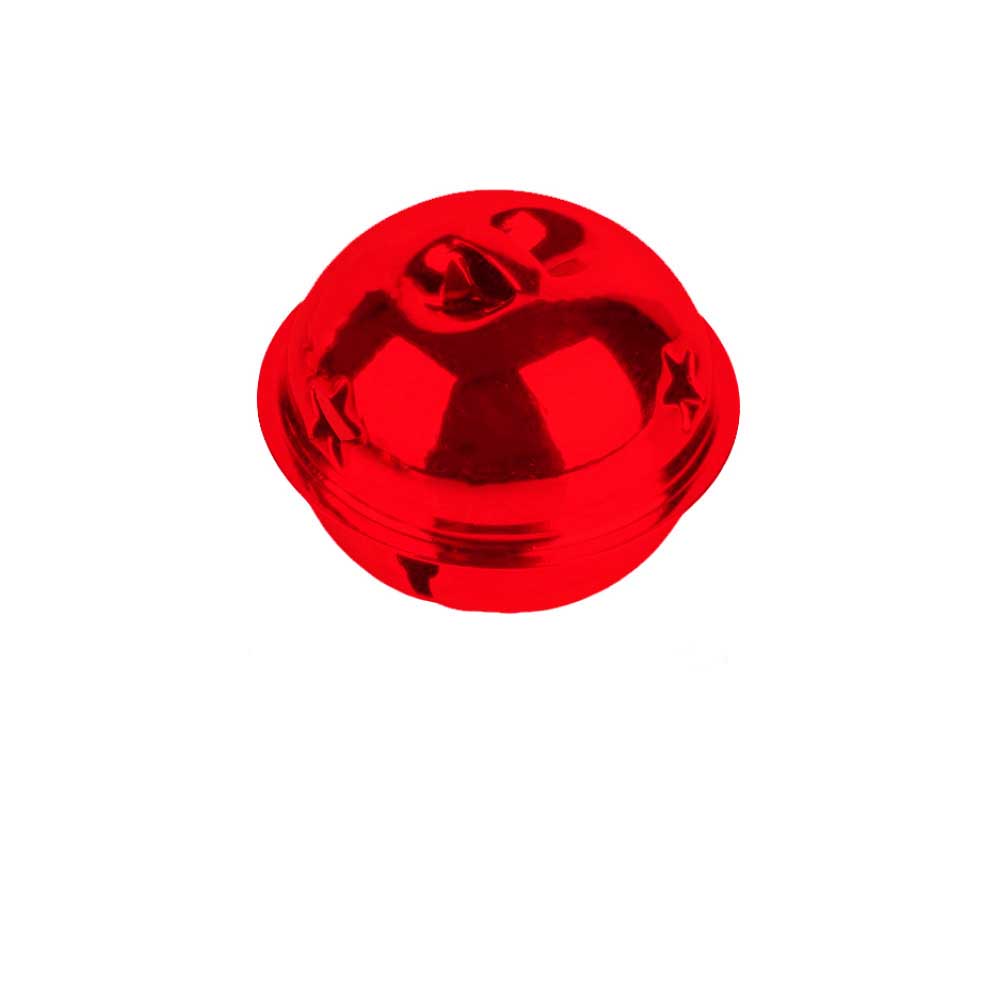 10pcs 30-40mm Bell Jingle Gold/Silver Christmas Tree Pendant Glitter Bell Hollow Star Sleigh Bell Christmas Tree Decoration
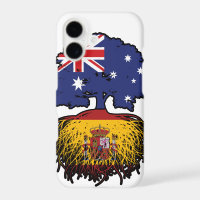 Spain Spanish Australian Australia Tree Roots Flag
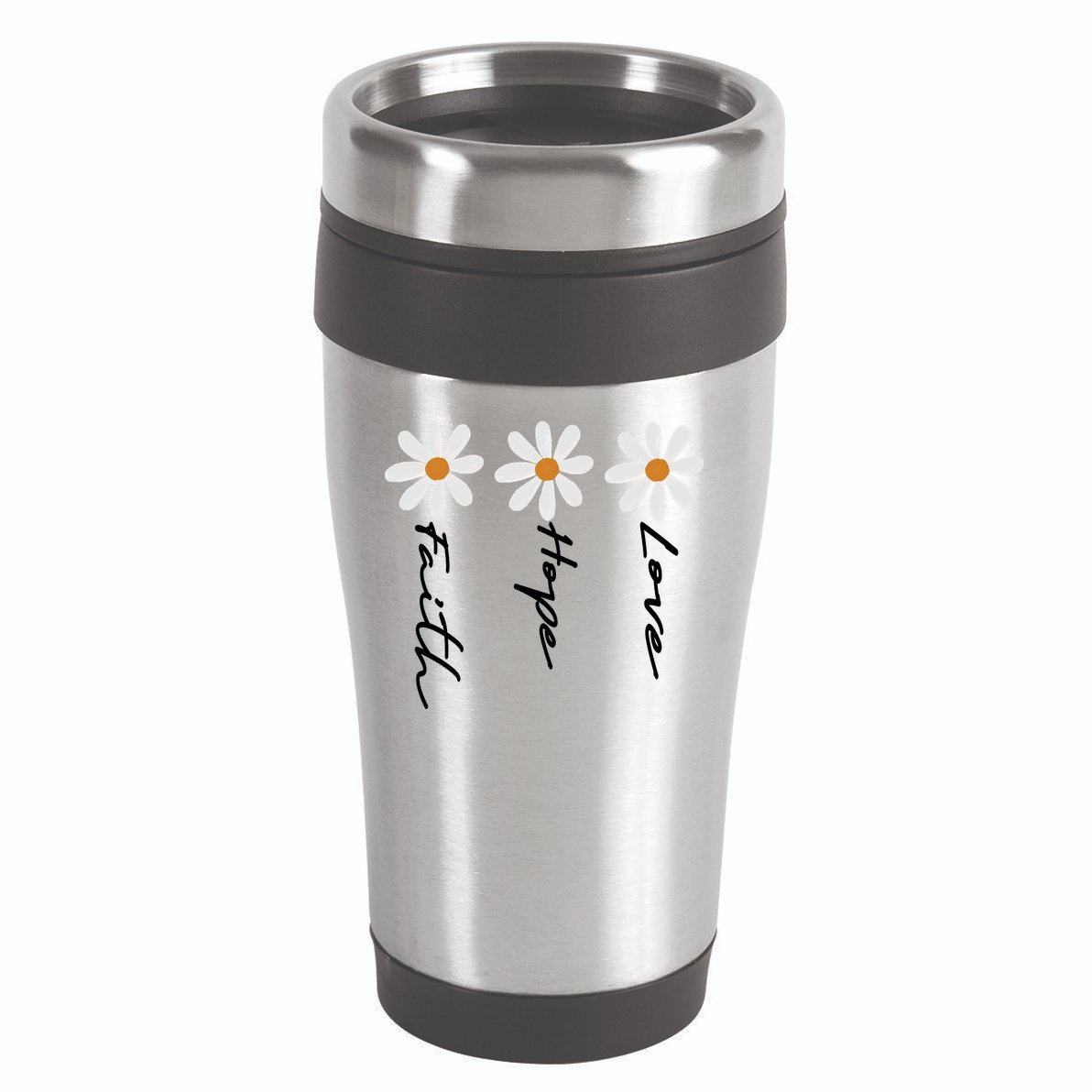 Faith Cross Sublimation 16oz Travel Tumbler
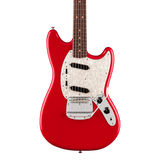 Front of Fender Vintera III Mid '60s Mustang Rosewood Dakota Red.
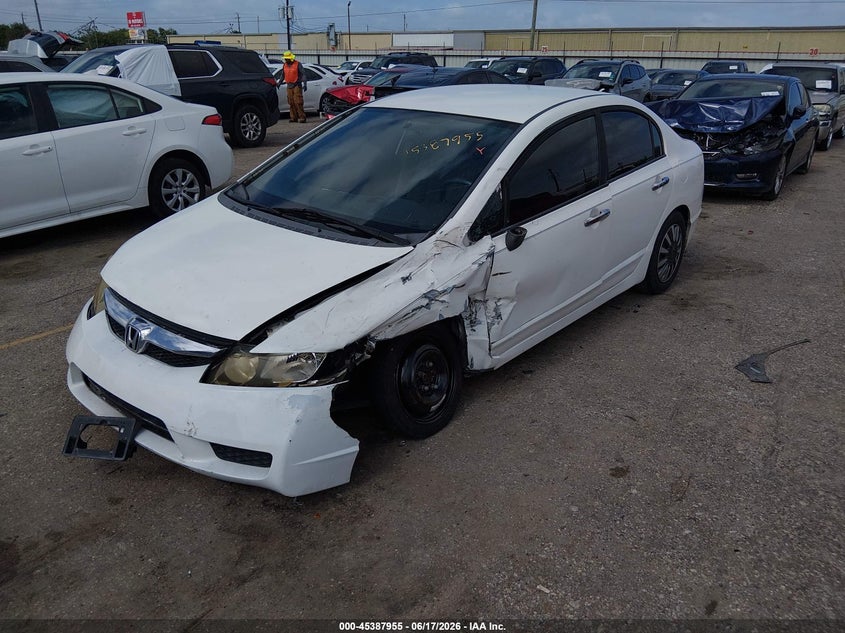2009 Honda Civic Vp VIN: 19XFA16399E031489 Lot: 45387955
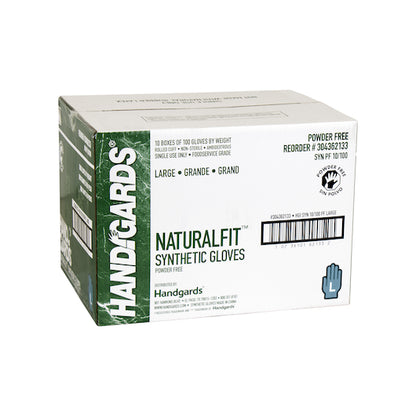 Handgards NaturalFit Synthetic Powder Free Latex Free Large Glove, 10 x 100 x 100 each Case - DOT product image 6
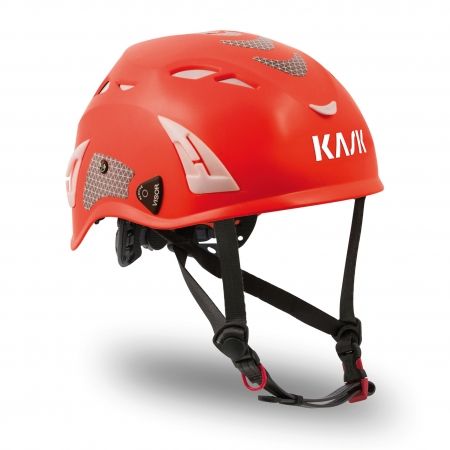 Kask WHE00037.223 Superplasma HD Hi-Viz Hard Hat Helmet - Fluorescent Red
--
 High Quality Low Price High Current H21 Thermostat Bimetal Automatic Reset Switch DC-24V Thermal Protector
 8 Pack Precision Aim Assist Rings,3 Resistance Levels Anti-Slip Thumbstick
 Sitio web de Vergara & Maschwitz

ACTION ITEM: Above are some records. Reproduce the lines from the one with "10pcs 30-40mm Bell" down to the one with "Handgards NaturalFit Synthetic", keeping both, and leave every picture out.

TASK SOLUTION:
 10pcs 30-40mm Bell Jingle Gold/Silver Christmas Tree Pendant Glitter Bell Hollow Star Sleigh Bell Christmas Tree Decoration
 Spain Spanish Australian Australia Tree Roots Flag
 Faith Cross Sublimation 16oz Travel Tumbler
 Front of Fender Vintera III Mid '60s Mustang Rosewood Dakota Red.
2009 Honda Civic Vp VIN: 19XFA16399E031489 Lot: 45387955
 Handgards NaturalFit Synthetic Powder Free Latex Free Large Glove, 10 x 100 x 100 each Case - DOT product image 6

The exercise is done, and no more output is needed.